30. 09. 2021 Damiano Chini Development, NetEye

Tornado: Tracing

How can we allow a Tornado administrator to successfully track down the flow of an event through Filters, Rules and Actions of Tornado, when Tornado is processing thousands of events per second?

Tornado administrators can have a hard time reading Tornado logs to understand where for example an action error comes from. Take this log as an example:

Aug 20 11:53:49 neteye tornado[59069]: Aug 20 11:53:49.649 ERROR tornado_executor_smart_monitoring_check_result: SmartMonitoringExecutor - Director host creation action failed with error ActionExecutionError { message: "DirectorExecutor API returned an error. Response status: 500 Internal Server Error. Response body: {\n \"error\": \"Error during the creation of the object at runtime\"\n}\n", can_retry: true, code: None }.

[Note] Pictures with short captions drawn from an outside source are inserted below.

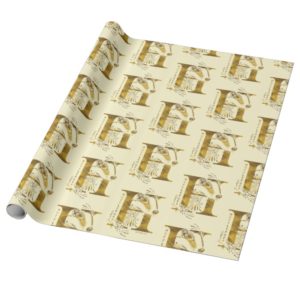 Harry Potter | Aguamenti HUFFLEPUFF™ Graphic Wrapping Paper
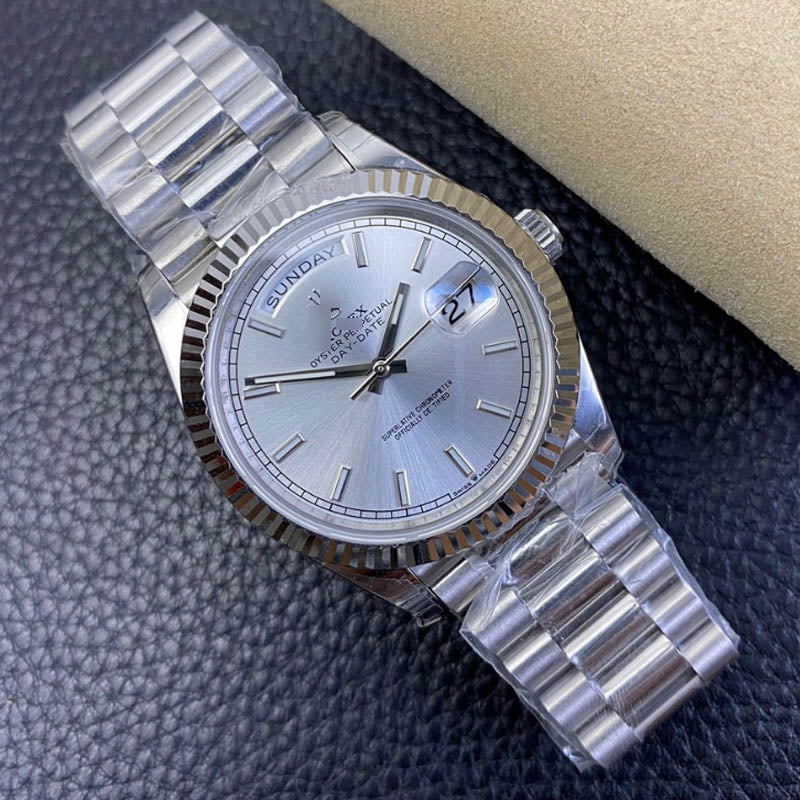 Day-Date m128239-0005 1:1 Super Clone, 36 mm, Silver Dial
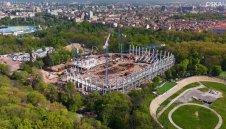 Фасадата на "Армията" започва да става красива + ВИДЕО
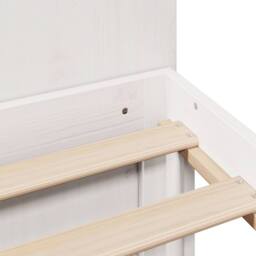 Berkfield Home Decorative Bookcase Bed without Mattress White 140x190cm Solid Wo - Size: 140x190 cm - thumbnail 9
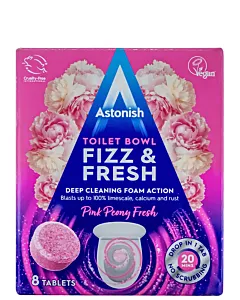Astonish Tablete pentru curatarea vaselor de toaleta 8 buc (8x25g) Pink Peony Fresh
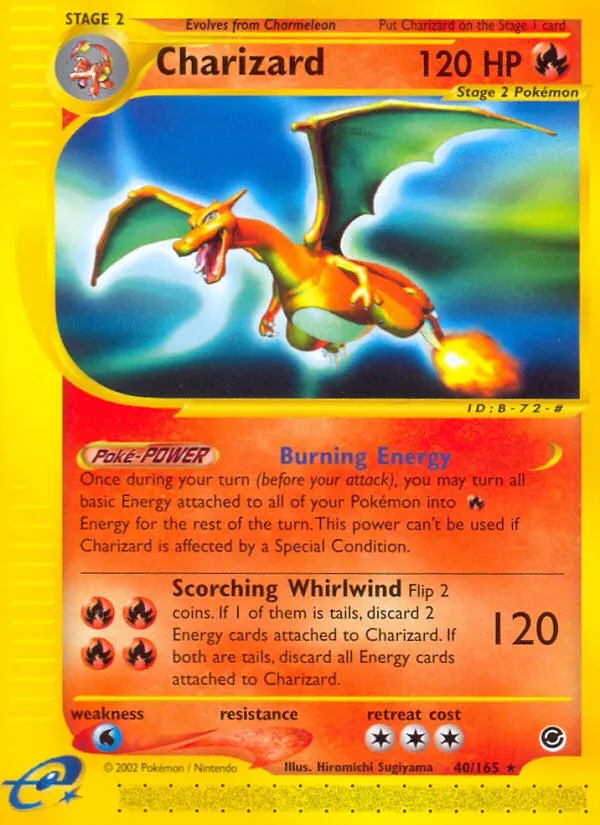 Glurak — Expedition 40 German Pokémon card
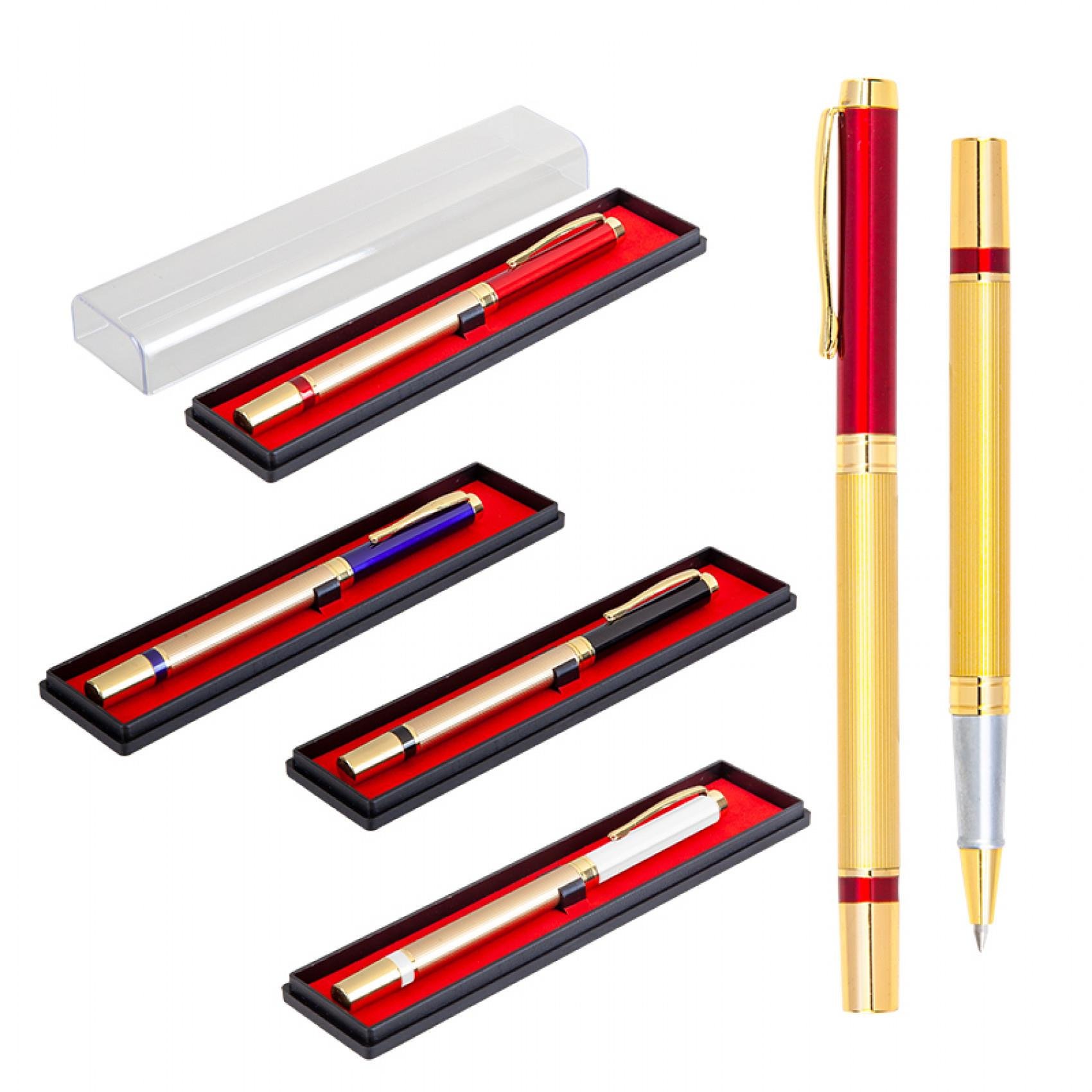 Altın Renkli Metal Roller Kalem Seti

How can I understand why this action was triggered? Which Tornado Action do I have to fix? In which Rule?

What I would need to do is to look back through the logs and try to find a related log, which tells me the Rule that was matched.

But this becomes an impossible task if Tornado is processing thousands of events each second.

This is where Tracing can help us! While “Logging” aims to give information about a single incident happening in the application, “Tracing” has awareness of the whole application flow and can then provide information on the journey that an event went through before arriving at a certain point in the application.

In the context of our Tornado application, this means that with Tracing, we cannot only for example inform the user that an Action failed, but also tell them which Event triggered the Action, and which Filters and Rules the Event went through before triggering the Action.

Beginning with NetEye 4.19, Tornado integrates the Tokio Tracing project and from NetEye 4.20 onwards, Tornado implements traces for Event flows which depict the journey of an Event through the Tornado application. To see what this actually means in practice, take a look at the following extract:

Aug 20 13:08:08 neteye tornado[8624]: Aug 20 13:08:08.879 ERROR MatcherActor{trace_id="4c72f980-bae5-4bb3-afb2-0dbbea18d084"}:dispatch_filter{name="root"}:dispatch_ruleset{name="ruleset_01"}:dispatch_rule{name="smart_monitoring_check_result"}:dispatch_action{action=0 action_id="smart_monitoring_check_result"}: tornado_executor_smart_monitoring_check_result: SmartMonitoringExecutor - Director host creation action failed with error ActionExecutionError { message: "DirectorExecutor API returned an error. Response status: 500 Internal Server Error. Response body: {\n    \"error\": \"Error during the creation of the object at runtime\"\n}\n", can_retry: true, code: None, data: {"method":"POST","url":"https://httpd.neteyelocal/neteye/director/host?live-creation=true","payload":{"object_name":"acme-host","object_type":"Object"}} }.

Here you can see that the Event identified by the given “trace_id”, went through the Filter “root”, the Ruleset “ruleset_01”, the rule “smart_monitoring_check_result”, triggered the Action “smart_monitoring_check_result”, and this action execution then resulted in an error. With this information in hand, we can now know for sure which action we need to modify to fix the error.

We’ve applied Tracing to this particular use case in Tornado, but we’ve only just started exploring its possibilities, so it’s very likely that in the near future many more improvements will be made in Tornado thanks to Tracing!